> What you should do
This exercise calls for the line with "Pride of Barbados", the line with "Combo 10 sen", and all lines between them in the material below, output exactly and with no other lines.

> Raw data

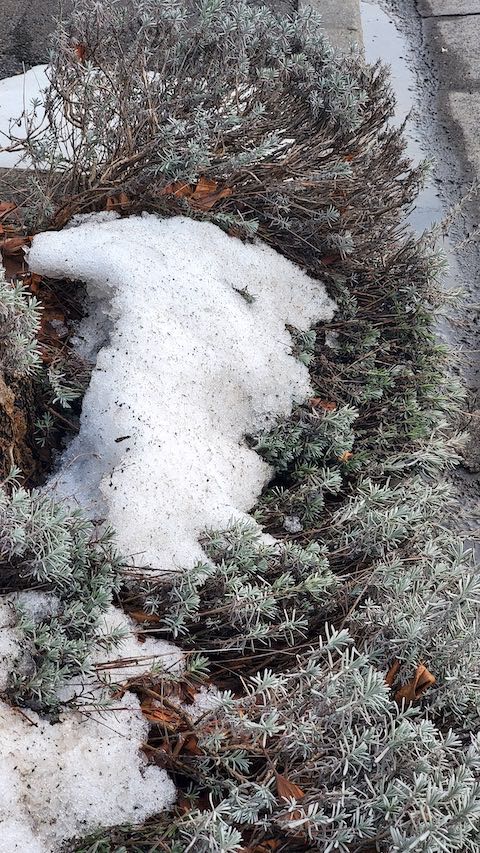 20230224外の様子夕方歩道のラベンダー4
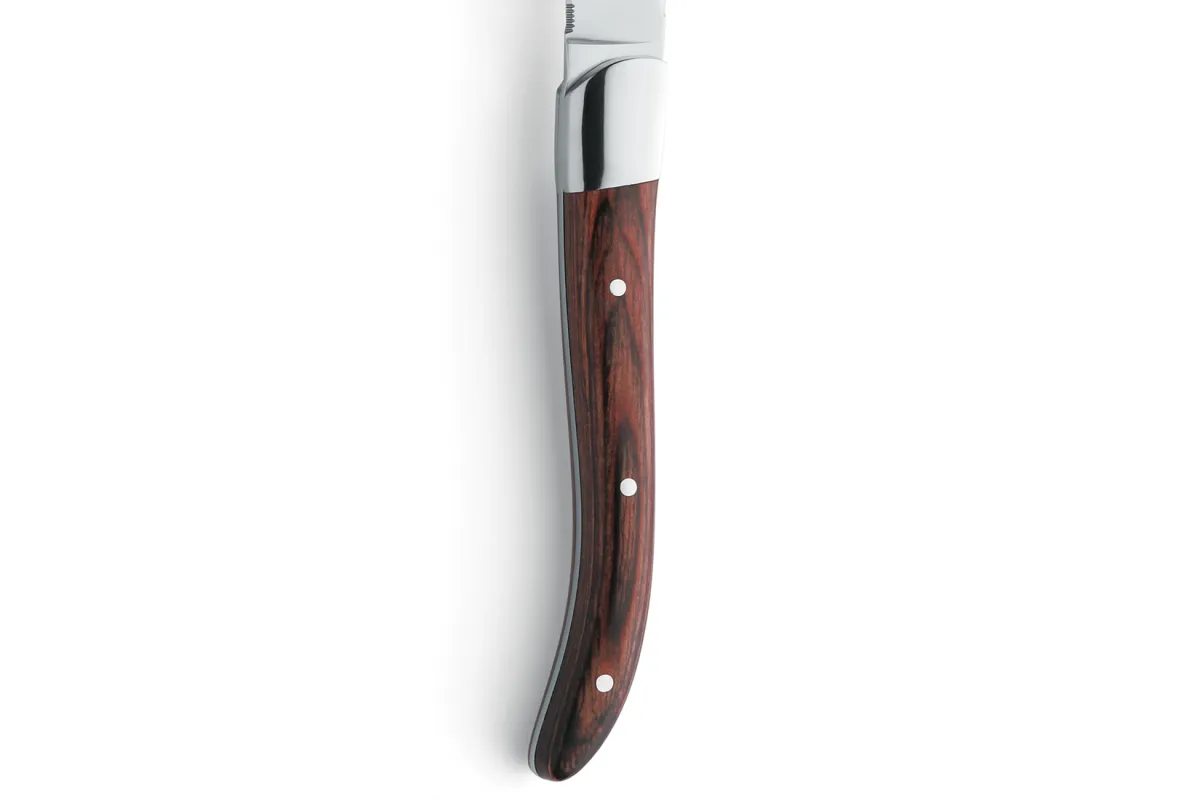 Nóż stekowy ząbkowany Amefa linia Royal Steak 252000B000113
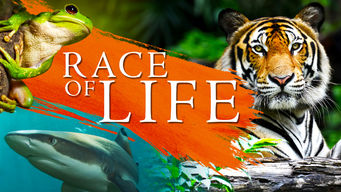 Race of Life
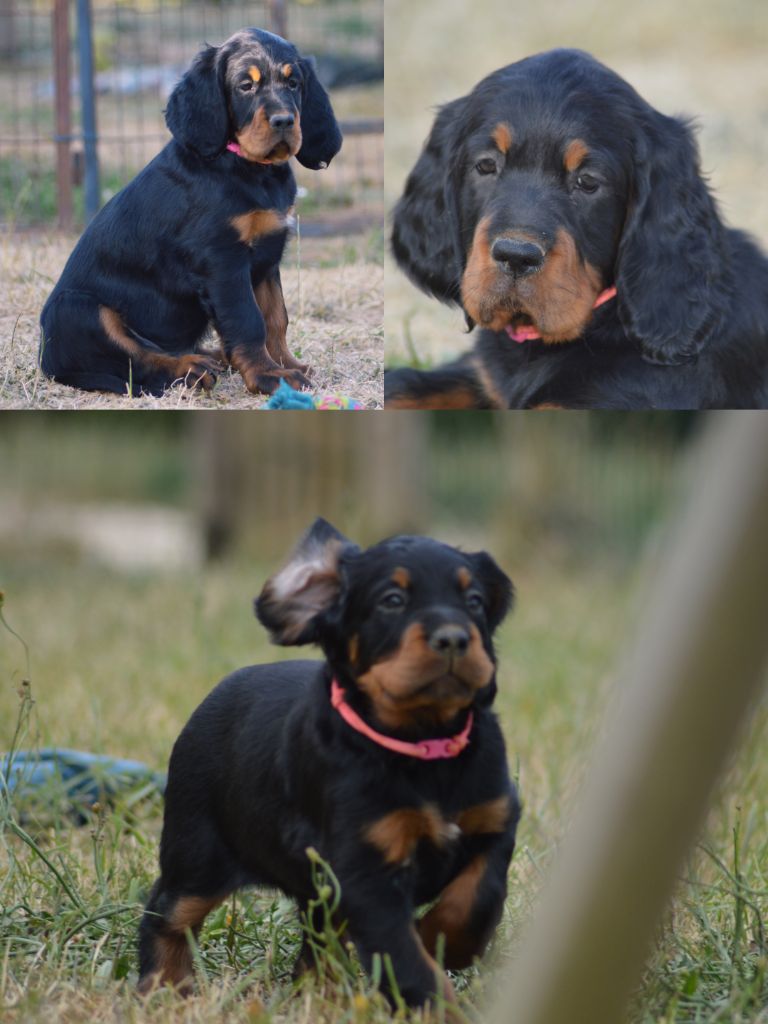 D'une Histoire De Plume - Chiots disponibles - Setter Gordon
---
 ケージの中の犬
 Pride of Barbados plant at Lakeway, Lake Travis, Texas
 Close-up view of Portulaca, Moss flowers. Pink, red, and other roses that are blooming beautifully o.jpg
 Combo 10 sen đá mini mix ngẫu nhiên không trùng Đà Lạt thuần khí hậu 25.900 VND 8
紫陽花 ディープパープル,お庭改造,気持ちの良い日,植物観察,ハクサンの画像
* * *
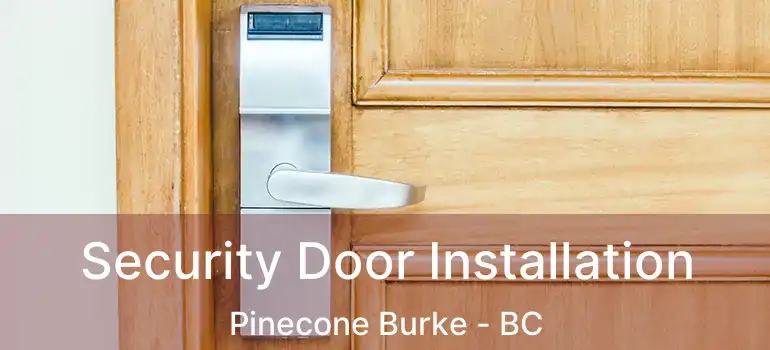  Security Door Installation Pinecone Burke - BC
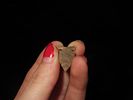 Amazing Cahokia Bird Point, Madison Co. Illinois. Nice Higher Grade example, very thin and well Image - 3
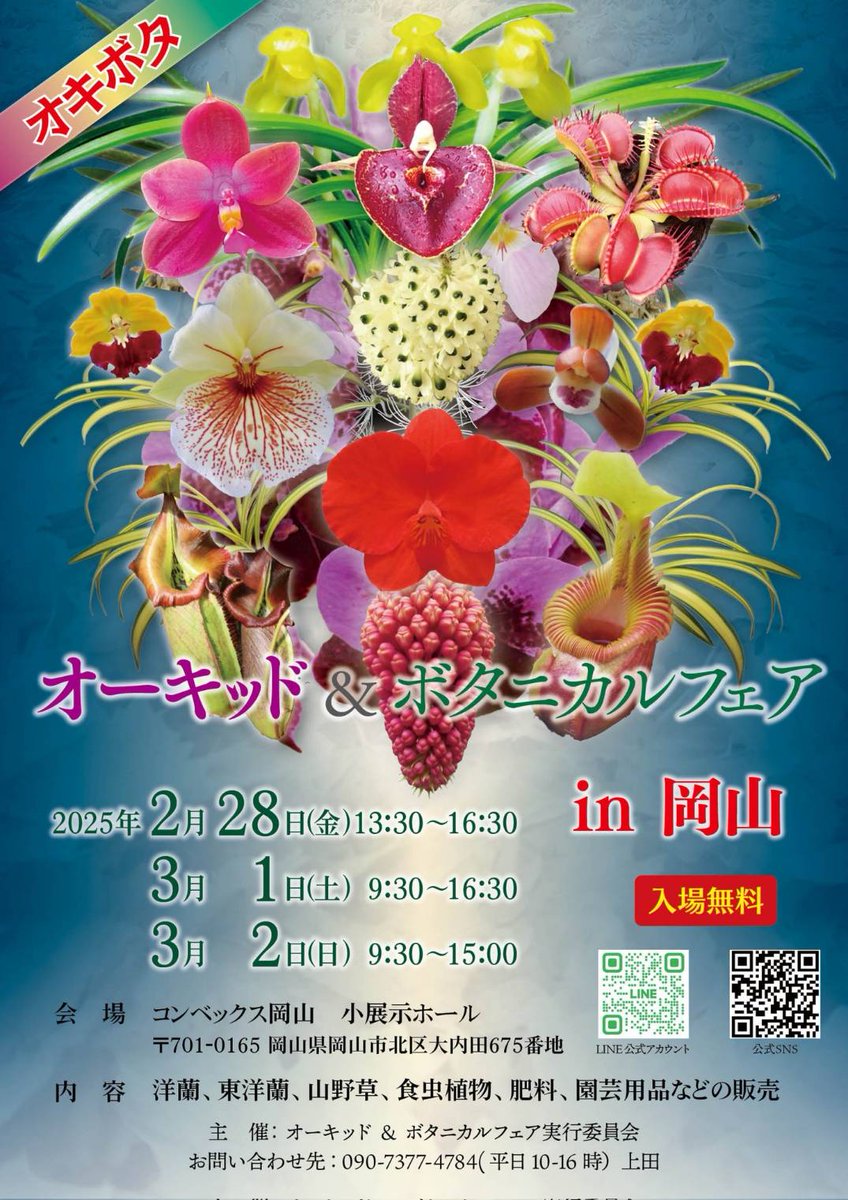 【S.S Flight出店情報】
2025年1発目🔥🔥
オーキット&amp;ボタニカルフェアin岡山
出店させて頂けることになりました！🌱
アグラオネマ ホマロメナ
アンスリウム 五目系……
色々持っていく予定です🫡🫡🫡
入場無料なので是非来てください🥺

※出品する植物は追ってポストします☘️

> Result of this exercise
 Pride of Barbados plant at Lakeway, Lake Travis, Texas
 Close-up view of Portulaca, Moss flowers. Pink, red, and other roses that are blooming beautifully o.jpg
 Combo 10 sen đá mini mix ngẫu nhiên không trùng Đà Lạt thuần khí hậu 25.900 VND 8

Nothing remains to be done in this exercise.